_WORK TO BE COMPLETED_
From the data below, set down exactly the lines between the one holding "A person sits" and the one holding "A man in sunglasses", inclusive, and no others.

Crawled caption data
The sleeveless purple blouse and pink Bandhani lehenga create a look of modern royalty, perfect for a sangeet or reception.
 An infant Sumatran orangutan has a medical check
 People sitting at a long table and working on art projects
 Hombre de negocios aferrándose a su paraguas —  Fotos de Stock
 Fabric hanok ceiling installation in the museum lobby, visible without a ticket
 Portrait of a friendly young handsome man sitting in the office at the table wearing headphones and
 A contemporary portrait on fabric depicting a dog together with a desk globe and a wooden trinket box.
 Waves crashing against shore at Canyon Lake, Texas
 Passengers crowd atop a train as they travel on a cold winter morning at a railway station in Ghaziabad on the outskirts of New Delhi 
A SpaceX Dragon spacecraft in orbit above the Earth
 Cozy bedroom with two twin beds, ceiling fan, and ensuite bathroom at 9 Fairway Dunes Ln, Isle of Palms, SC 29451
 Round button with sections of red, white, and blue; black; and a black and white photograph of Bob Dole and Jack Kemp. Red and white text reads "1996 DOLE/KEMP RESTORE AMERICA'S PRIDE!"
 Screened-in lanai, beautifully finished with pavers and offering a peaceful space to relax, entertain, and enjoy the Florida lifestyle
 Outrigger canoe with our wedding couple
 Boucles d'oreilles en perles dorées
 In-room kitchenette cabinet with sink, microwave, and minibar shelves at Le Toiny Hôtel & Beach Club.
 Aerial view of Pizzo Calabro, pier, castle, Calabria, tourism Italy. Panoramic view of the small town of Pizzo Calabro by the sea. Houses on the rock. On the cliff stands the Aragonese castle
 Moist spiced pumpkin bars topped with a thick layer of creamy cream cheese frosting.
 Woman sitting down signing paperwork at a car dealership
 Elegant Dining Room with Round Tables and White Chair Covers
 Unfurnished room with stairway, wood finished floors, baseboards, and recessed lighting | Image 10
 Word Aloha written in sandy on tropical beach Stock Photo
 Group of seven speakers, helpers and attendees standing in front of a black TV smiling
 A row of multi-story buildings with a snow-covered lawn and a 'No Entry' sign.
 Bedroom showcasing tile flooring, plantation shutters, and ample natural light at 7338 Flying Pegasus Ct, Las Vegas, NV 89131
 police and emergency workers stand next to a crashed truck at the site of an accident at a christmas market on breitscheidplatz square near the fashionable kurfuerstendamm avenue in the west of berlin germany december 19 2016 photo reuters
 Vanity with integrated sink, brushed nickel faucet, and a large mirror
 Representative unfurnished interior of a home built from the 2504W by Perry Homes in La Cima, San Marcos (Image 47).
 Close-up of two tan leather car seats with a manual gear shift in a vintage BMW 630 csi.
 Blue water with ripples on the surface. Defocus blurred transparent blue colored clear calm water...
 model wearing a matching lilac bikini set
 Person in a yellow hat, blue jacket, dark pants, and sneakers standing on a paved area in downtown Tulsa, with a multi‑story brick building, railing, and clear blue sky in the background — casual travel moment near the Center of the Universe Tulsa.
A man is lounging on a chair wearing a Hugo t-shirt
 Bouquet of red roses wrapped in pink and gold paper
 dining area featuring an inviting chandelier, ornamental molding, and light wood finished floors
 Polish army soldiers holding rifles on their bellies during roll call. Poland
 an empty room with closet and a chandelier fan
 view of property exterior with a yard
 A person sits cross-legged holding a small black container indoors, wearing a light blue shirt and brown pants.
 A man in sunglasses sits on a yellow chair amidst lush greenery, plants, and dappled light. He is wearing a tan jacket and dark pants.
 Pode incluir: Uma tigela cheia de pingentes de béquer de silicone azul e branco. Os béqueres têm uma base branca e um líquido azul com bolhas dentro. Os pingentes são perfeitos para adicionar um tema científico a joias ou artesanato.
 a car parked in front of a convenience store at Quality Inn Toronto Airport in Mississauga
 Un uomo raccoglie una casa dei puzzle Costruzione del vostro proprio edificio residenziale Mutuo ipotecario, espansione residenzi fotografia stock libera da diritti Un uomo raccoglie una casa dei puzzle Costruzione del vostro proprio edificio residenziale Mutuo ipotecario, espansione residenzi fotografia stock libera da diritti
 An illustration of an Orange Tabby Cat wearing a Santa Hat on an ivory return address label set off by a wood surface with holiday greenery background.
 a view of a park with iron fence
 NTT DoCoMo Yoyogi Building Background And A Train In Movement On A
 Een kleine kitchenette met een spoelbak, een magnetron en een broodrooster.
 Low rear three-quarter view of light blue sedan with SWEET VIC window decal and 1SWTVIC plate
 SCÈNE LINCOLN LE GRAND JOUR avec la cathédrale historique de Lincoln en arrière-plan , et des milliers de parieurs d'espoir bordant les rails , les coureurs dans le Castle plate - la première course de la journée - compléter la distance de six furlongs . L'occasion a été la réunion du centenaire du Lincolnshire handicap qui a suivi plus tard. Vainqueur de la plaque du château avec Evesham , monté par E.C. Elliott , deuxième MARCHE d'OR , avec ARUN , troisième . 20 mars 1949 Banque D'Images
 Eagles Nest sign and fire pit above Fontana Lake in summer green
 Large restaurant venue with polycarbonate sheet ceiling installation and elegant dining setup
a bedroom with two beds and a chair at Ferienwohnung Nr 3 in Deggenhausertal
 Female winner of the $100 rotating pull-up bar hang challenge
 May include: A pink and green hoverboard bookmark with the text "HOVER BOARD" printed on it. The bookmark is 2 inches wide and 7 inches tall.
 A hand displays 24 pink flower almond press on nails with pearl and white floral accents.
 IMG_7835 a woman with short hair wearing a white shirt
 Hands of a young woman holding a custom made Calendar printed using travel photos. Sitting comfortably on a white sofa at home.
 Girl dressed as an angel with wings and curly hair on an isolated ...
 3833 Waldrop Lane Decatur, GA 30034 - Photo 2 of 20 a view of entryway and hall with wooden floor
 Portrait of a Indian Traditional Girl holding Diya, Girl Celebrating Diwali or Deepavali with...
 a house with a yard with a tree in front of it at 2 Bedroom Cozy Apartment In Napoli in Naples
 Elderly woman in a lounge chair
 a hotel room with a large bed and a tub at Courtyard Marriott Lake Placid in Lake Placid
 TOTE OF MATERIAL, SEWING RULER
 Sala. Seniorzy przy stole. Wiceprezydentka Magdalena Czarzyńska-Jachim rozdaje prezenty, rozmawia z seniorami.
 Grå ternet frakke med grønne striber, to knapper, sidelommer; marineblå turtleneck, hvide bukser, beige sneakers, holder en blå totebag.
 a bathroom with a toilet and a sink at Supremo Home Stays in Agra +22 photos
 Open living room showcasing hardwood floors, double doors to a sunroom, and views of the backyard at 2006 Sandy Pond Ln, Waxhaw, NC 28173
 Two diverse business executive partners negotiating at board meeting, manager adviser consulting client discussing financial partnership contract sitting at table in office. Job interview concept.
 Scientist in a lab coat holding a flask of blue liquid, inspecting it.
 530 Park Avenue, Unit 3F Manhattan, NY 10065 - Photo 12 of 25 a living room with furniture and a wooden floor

_FINISHED TASK_
 A person sits cross-legged holding a small black container indoors, wearing a light blue shirt and brown pants.
 A man in sunglasses sits on a yellow chair amidst lush greenery, plants, and dappled light. He is wearing a tan jacket and dark pants.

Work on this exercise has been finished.